**Assignment:** Given the records below, the lines starting at the line with "ALDH2 Polyclonal Antibody" and ending at the line with "为什么说女生的钱好挣,为什么女生容易交智商税" should be output exactly, both end lines kept and pictures left out.

**Data shown:**
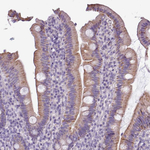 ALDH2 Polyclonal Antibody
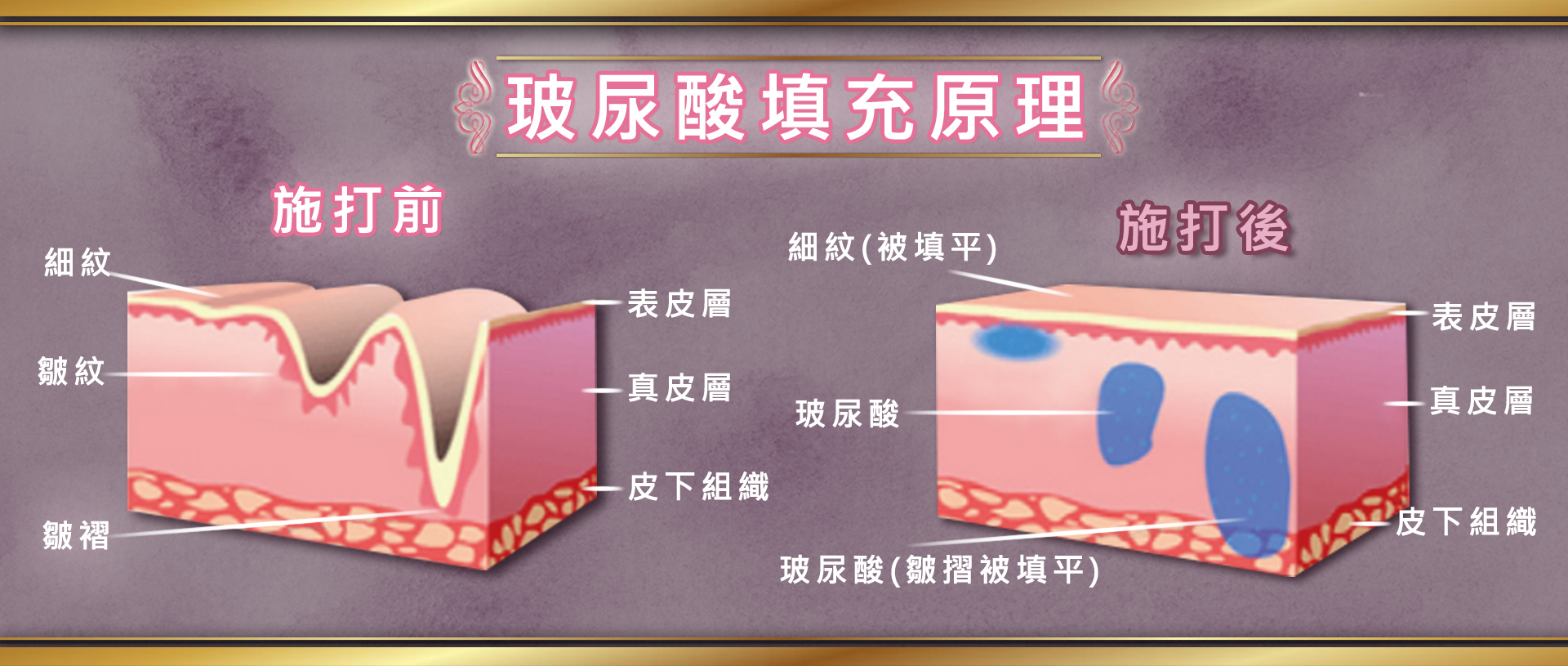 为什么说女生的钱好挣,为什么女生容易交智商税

==

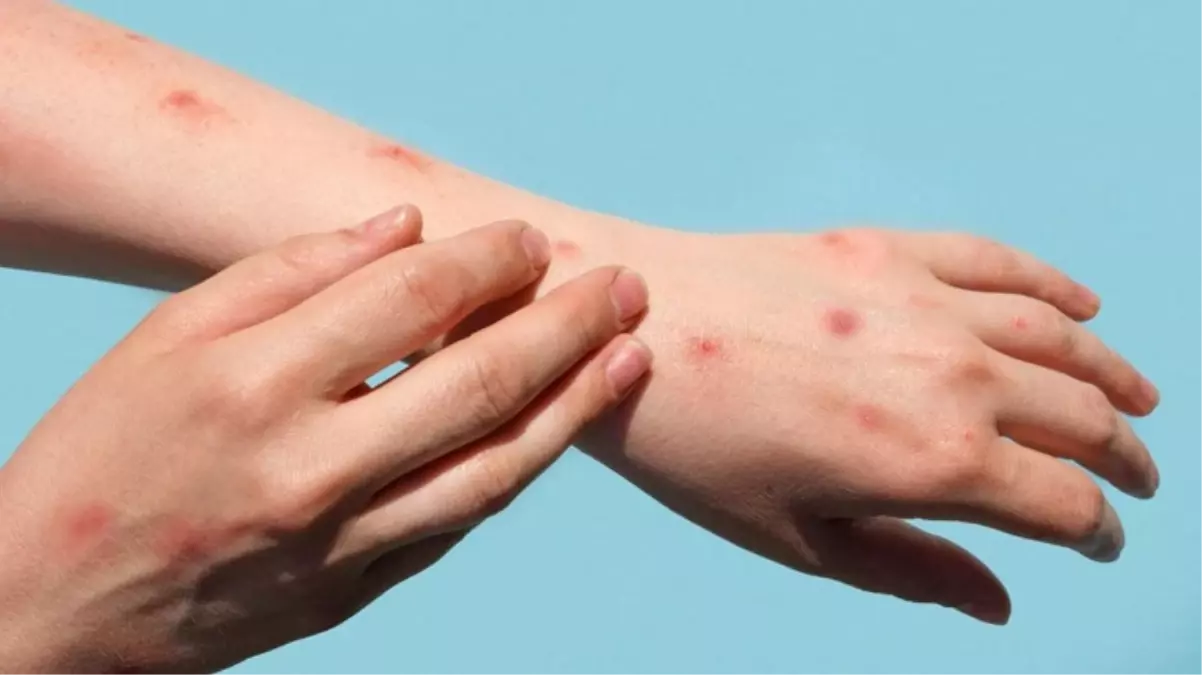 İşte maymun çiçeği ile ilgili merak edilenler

---

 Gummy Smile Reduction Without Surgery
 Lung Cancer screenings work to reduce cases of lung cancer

**Answer below:**
 ALDH2 Polyclonal Antibody
 为什么说女生的钱好挣,为什么女生容易交智商税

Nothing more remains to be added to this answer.